Personal information
- Full name: Leonard Francis Gillett
- Date of birth: 21 January 1861
- Place of birth: Borrowash, Derbyshire
- Date of death: 23 November 1915 (aged 54)
- Place of death: Harbertonford, Devon
- Position: Goalkeeper

Senior career*
- Years: Team / Apps / (Gls)
- 1879–82: Old Carthusians
- 1882: Oxford University
- 1882–83: Notts County
- 1883–84: Ockbrook & Borrowash
- 1884: Derby County

= Leonard Gillett =

English footballer

Leonard Francis Gillett (21 January 1861 – 23 November 1915) was an English football goalkeeper. He won the FA Cup in 1881 playing for the Old Carthusians.

==Family and early life==

Gillett was born in Borrowash in Derbyshire and was the son of Francis Gillett, described as a "gentleman".

He was educated at Charterhouse School between 1874 and 1879, playing in goal for the school's first XI in his last year, and matriculated at Pembroke College, Oxford in 1879, graduating in 1882.

==Football career==

Gillett was goalkeeper in the Old Carthusians' first-ever FA Cup tie in 1879–80, an easy 4–0 win at Acton. The O.C.s were unlucky to be drawn to meet Wanderers in the second round, who, although past their peak, were still potent, and Wace forced the only goal of the game out of a scrimmage.

Gillett missed the first two rounds in the 1880–81 FA Cup, but played in the side's win at the Royal Engineers in the fourth round (the Carthusians having had a bye), and played in all the remaining rounds, including the final, keeping a clean sheet in a 3–0 win over the Old Etonians.

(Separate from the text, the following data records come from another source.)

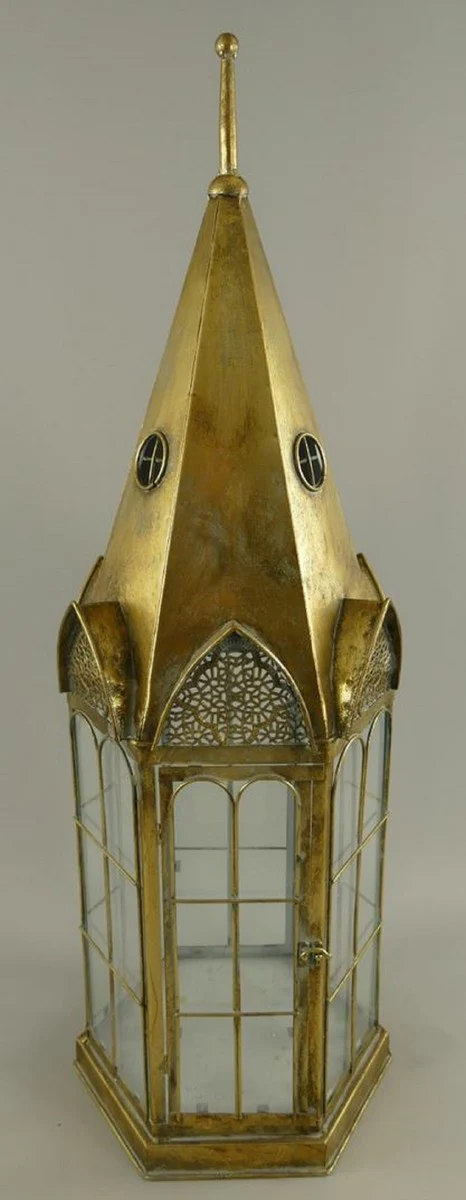 Casa Padrino farolillo Art Nouveau oro antiguo 30 x 30 x A. 90 cm - Farolillo decorativa de metal en diseño de torre de iglesia - Decoración de salón - Decoración de jardín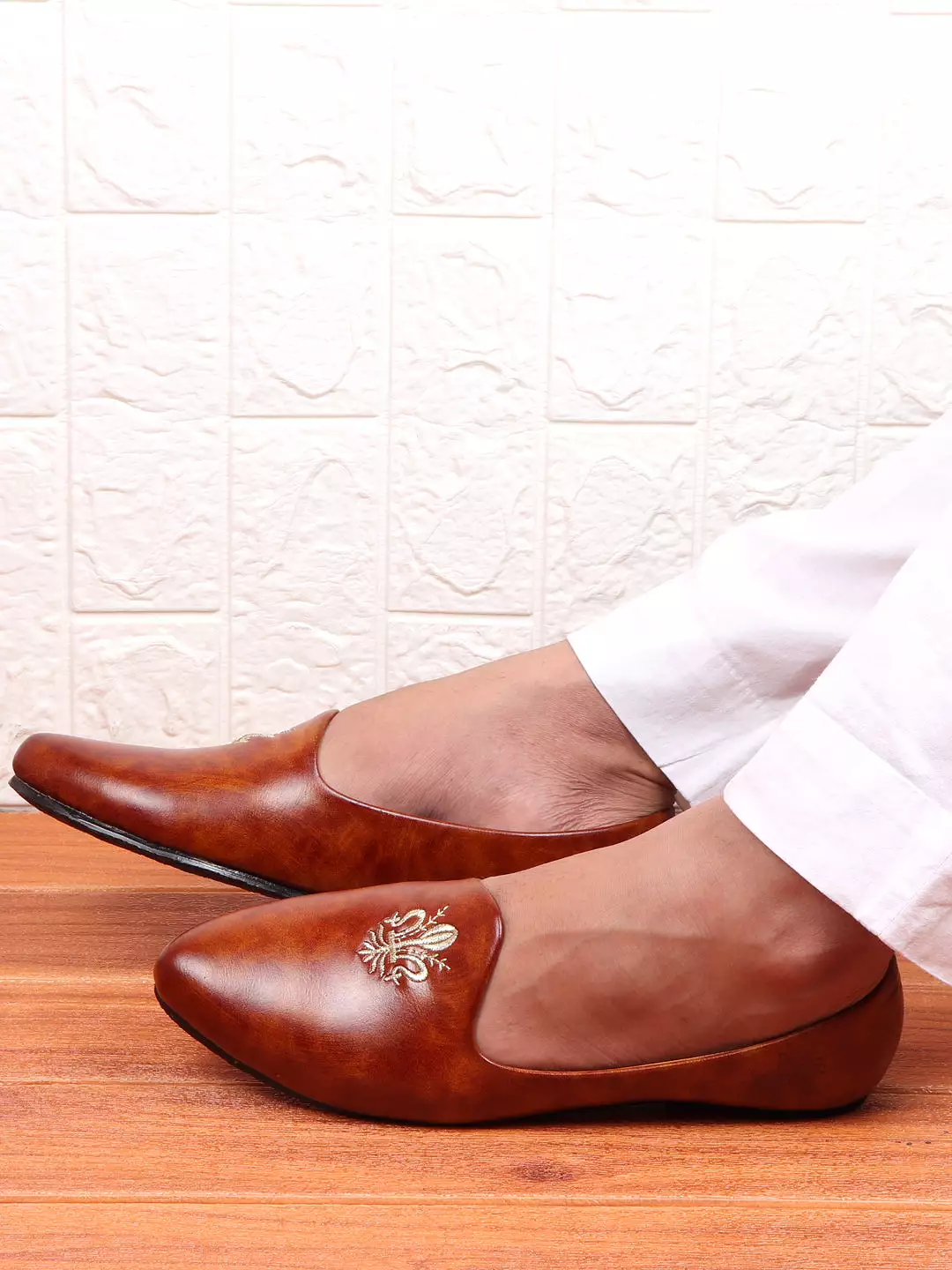 Men Tan Ethnic Slip-On Juttis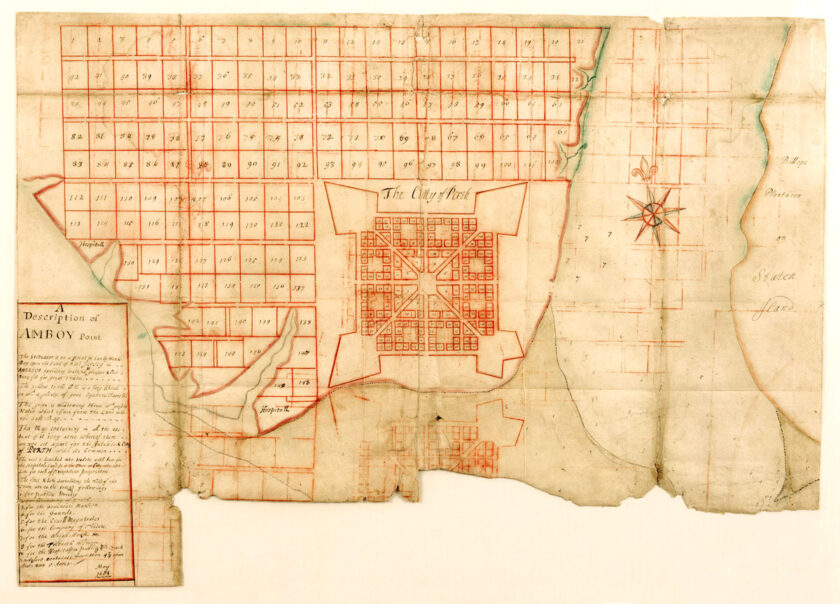 1684 Map Description of Amboy Point Perth Amboy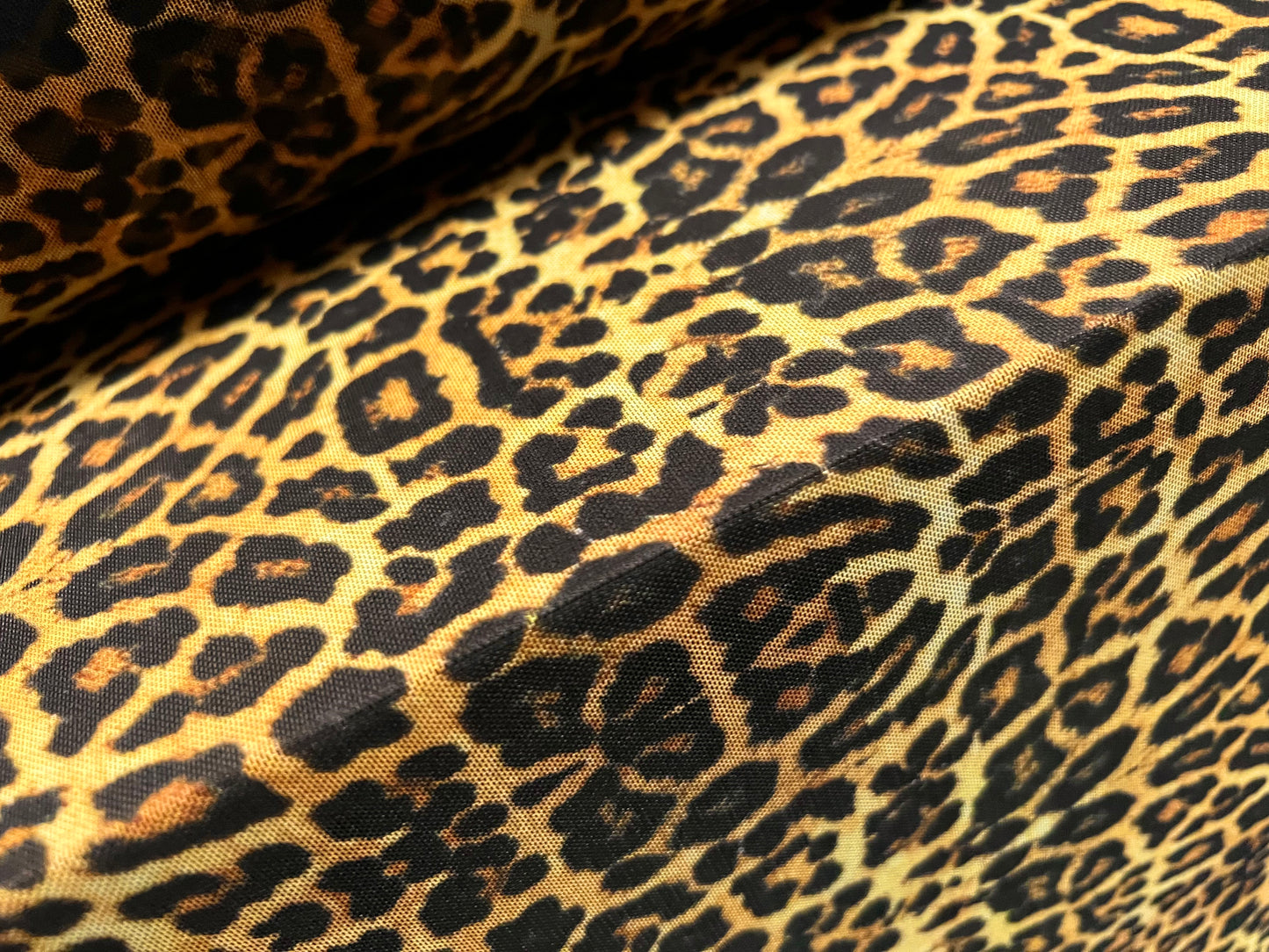 Power mesh net stretch spandex fabric, per metre - leopardskin animal print - gold & black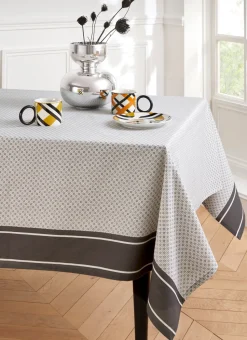 NAPPE EN COTON ENDUITE MOTIF FANTAISIE BLANC/GRIS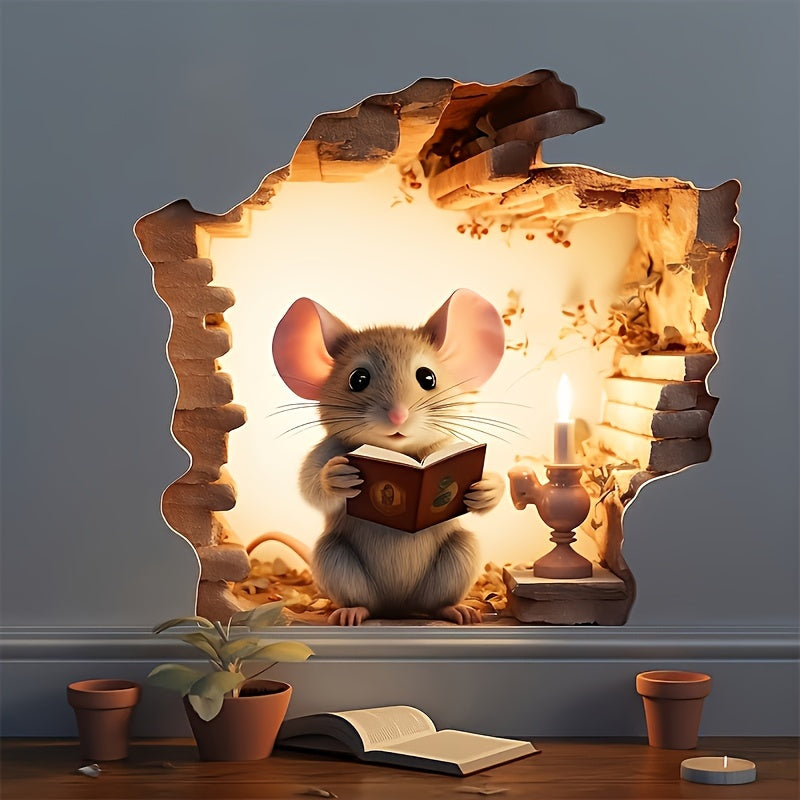 3D Reading Mouse Wall Stickers Cute Cartoon Animal Pattern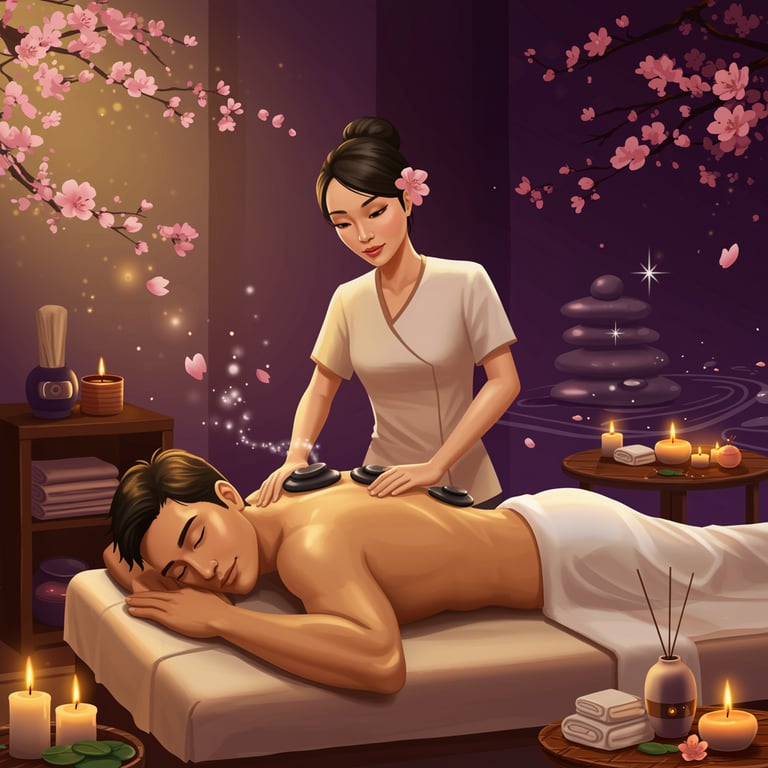 a man getting a massage by Asian woman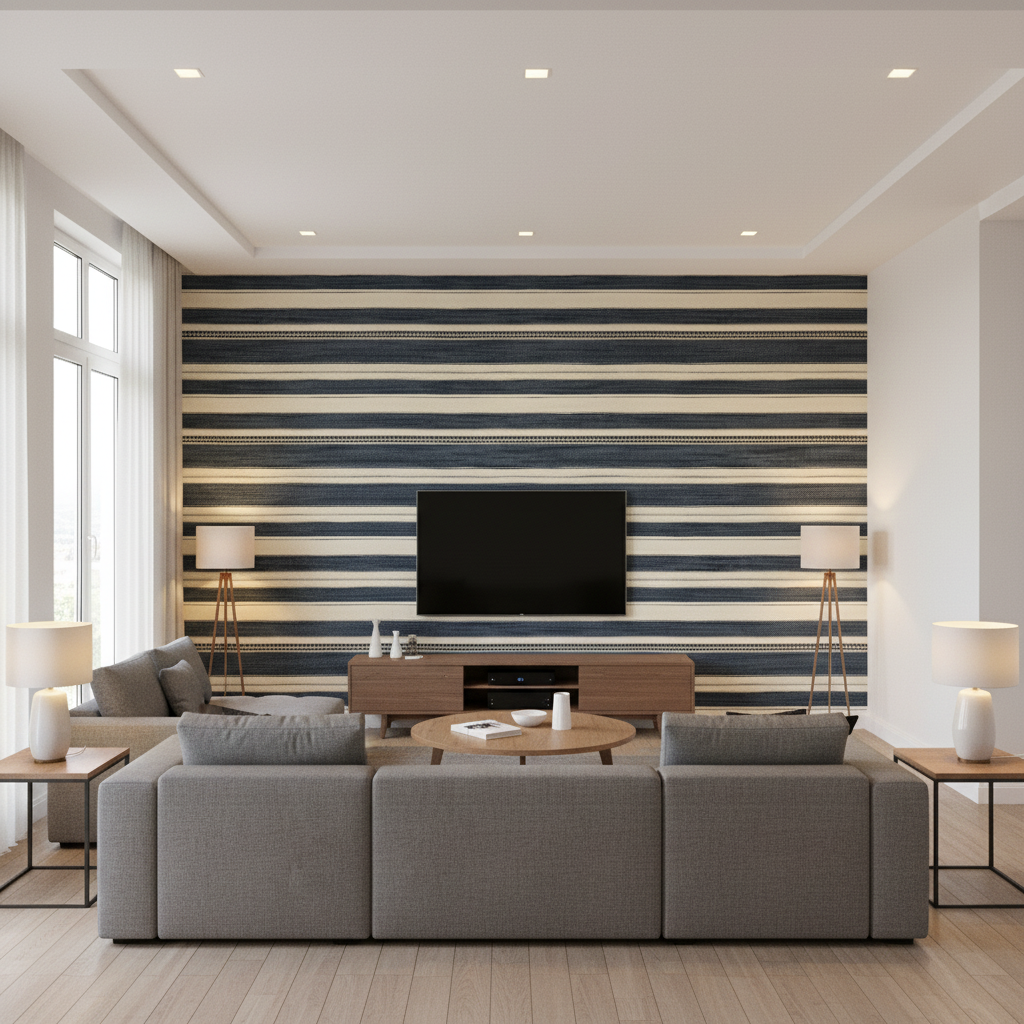 Entoto Stripe Blue/Indigo — Living Room Room Setting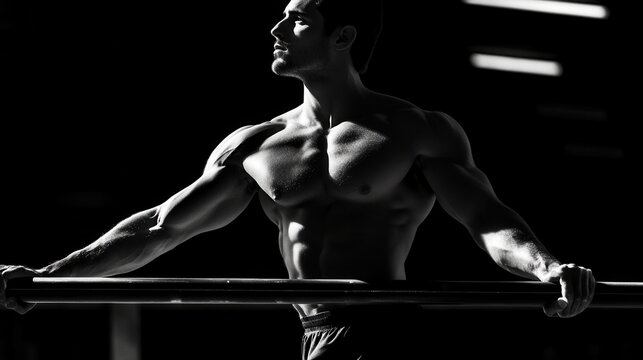 Side view of a muscular shirtless man holding a static position on parallel bars, strengthening his triceps and core, illuminated by dramatic gym backlighting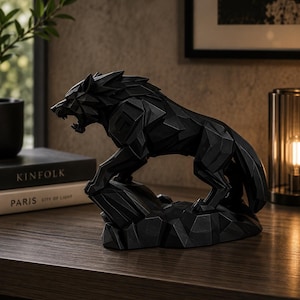 Op de afbeelding: Een zwarte geometrische wolf sculptuur in een dynamische pose, geplaatst op een rotsachtige basis. De sculptuur heeft een facetontwerp, waardoor het een moderne, hoekige uitstraling heeft. De wolf gromt, wat een vleugje felheid aan het decor toevoegt. Dit decoratieve stuk is ideaal voor thuis of op kantoor.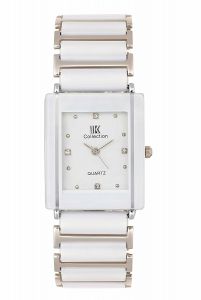 IIK COLLECTION Rectangle White Stone Studded Dial With White & Silver Metallic Bracelet Chain Strap Analogue Wrist Watch for Men and Boys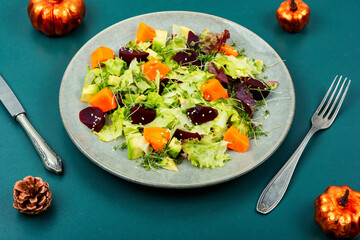 Pumpkin salad with beetroot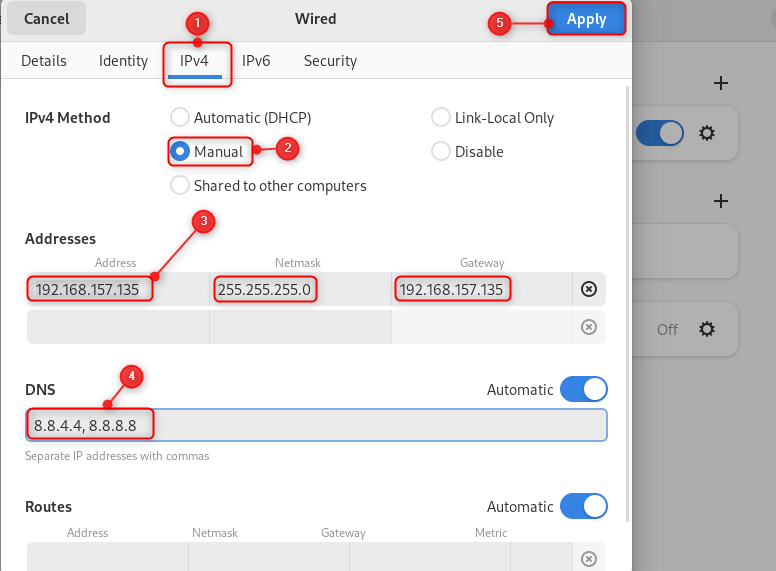 Editing network information from network manager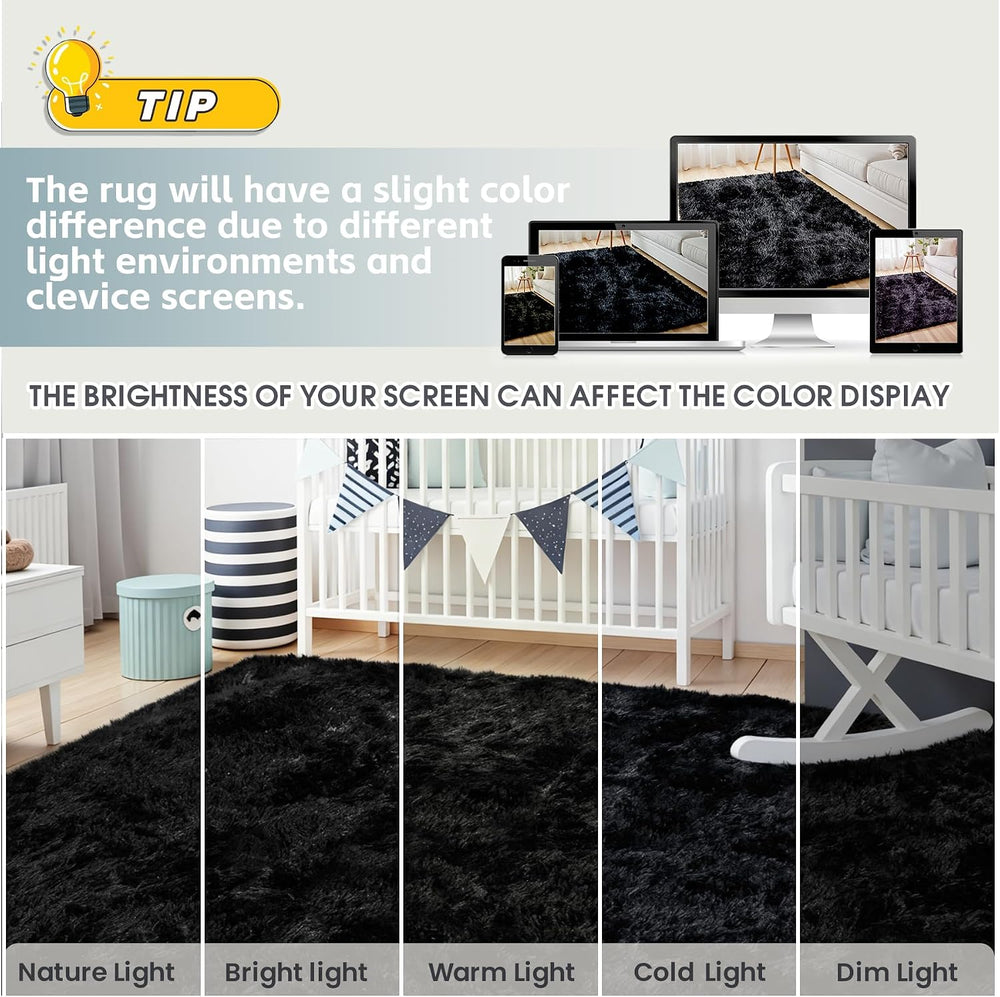 6x9 Black Fluffy Fuzzy Shag Area Rug for Living Room, Bedroom, Dorm Carpet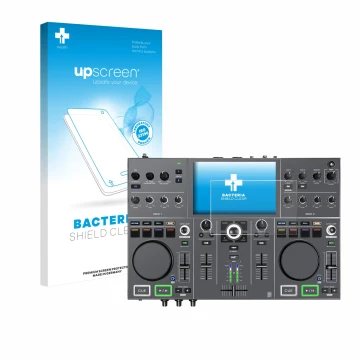 Vorderseite einer Produktverpackung mit dem Markenlogo upscreen. Daneben ist das Gerät Denon DJ Prime Go+ mit dem zugehörigen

His main contribution being a difficult save from a fierce shot by William Anderson.

The Carthusians' defence the following season however did not feature Gillett at all; the first two rounds were easy enough affairs, but Gillett was unavailable for the third round fixture with the Royal Engineers, and, with a much weaker than normal side, the O.C.s went out.

He received his Oxford blue through playing in goal in the 1882 Varsity Match, keeping a clean sheet in a 3–0 win. Carthusians' team-mate Thomas French was one of his team-mates in the match.

In 1882, his work took him back home to Derbyshire, and he originally joined Notts County as goalkeeper, playing in County's fourth round FA Cup win at Sheffield Wednesday, and in front of 10,000 for County's 4–3 win over Aston Villa in the quarter-final, County surviving a protest from Villa as to a late handball as Gillett asserted that he had saved the shot himself. County lost in the semi-final to the Old Etonians, not helped by a late change as Moore had been taken ill just before the game.

He does not seem to have played first-rank football in 1883–84, the only fixtures recorded for him being for the Ockbrook & Borrowash club, playing as back rather than in goal. Before the 1884–85 season, he joined the new Derby County club as goalkeeper. He played in Derby's first match, against Great Lever in September 1884, although he conceded six times, and then conceded 7 to Walsall Town in the first round of the 1884–85 FA Cup. With professionalism rising and the game evidently having passed him by, he did not play senior football again.

==Post-football life==

Gillett became a mining engineer, and married Edith in Bedford in 1887; the couple had two sons. He died on 23 November 1915 in Devon, leaving an estate of nearly £15,000.